Kenya's Prime Minister Raila Odinga said the government's response to the drought had been the best in the last five years and called for refugee entry to be monitored in order to prevent al-Shabaab infiltration. "We are paying a price as if we were contributing to this crisis. So we are asking the international community to come and help," he said last week in his speech to Parliament.
Those arriving in the camp first have fingerprints taken at the UNHCR tent -- the UN refugee agency. Soon after, they undergo a medical evaluation at the Doctor's Without Borders tent. Children are vaccinated, weighed and measured. Depending on their level of malnutrition, they can be hospitalized directly. If the case is not serious, families receive guidance for follow-up at one of the camp's clinics.
The last step is the food basket with 21 days of provisions, distributed according to the number of family members. Each member receives 4.4kg of flour, 4.4kg of cornmeal, 1.2kg of beans, 600g of oil, 100g of salt, 420g of sugar and 945g of a fortified corn and soy blend.
Depending on the season, they can receive kitchenware and blankets. From there, it is up to the newcomer to find a place to settle. Tents are usually made with sticks and covered with cloth and pieces of plastic bags -- or whatever else refugees might find along the way.
The initial step allows the newcomer to get food, but does not guarantee the official registration in the camp. By having their fingerprints in the system, each refugee gets a password with a new date to attend the registration center in the Ifo camp. The wait for registration can take up to two months. Meanwhile, according to humanitarian agencies responsible for donation, it is possible to get more food baskets.
Once officially registered as a refugee in Dadaab, it is possible to get food twice a month at distribution points scattered throughout the camps. There are also water delivery points, but everything is still poor quality by food safety standards. According to Doctors Without Borders, the recommended volume of water use per day per person is 20 liters. The number in Dadaab is between three and four.
In addition to being donated, food can also be bought -- there are a lot of people selling in front of distribution centers. It is not forbidden to sell what people receive as aid.
There are primary schools in every field, but there are not enough spots for everyone to complete high school. There are no universities in Dadaab, although in some rare cases youth get scholarships and permission to study in Nairobi, the capital of Kenya, or in another country. "But there is nothing to do with the diploma," says refugee Moulid Iftin, who is 23. In fact, they cannot, by law, work, and even if they could, there are no positions compatible with the university degree in the camp. Still, many young people dream of finishing college.
Since they are not recognized as citizens, refugees have no legal right to work. But that doesn't mean they don't. In the past 20 years, Dadaab developed its own economy. Trade is the main source of income for refugees. And the street markets have everything: from basic items like food and clothing to perfumes, movies and toys.

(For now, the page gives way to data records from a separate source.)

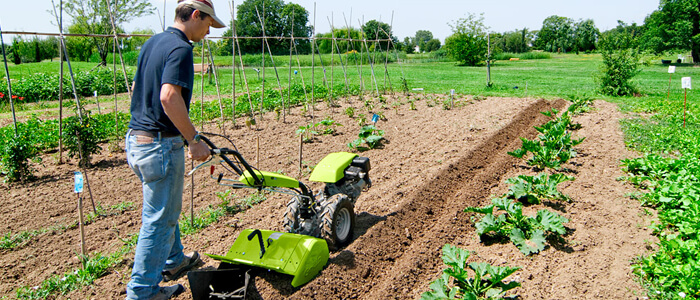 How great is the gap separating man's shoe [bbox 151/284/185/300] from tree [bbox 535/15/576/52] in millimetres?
92714

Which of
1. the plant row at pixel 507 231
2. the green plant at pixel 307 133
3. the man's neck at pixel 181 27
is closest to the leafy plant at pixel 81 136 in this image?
the green plant at pixel 307 133

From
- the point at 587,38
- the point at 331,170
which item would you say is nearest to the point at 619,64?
the point at 331,170

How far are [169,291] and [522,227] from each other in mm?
3259

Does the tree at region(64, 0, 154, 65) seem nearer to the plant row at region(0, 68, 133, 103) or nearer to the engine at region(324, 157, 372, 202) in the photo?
the plant row at region(0, 68, 133, 103)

For more elaborate services, such as a tailor -- a profession practiced only by men in Dadaab -- training is provided by non-profits in the field.
Dadaab's security is handled by the Kenyan police. The UN hires a private company to take care of the surroundings of its headquarters and offices. There is a curfew for aid workers: they cannot leave their base after 6 pm or before 7 am. For journalists, transportation must to be provided by an armed police convoy or armed escort.
From January to June this year, 358 incidents of gender-based violence were reported in Dadaab -- almost five times more than the same period of 2010.
Cars and vans take refugees between camps for $1 on the shortest route and $2 on the longest. Most refugees, however, walk.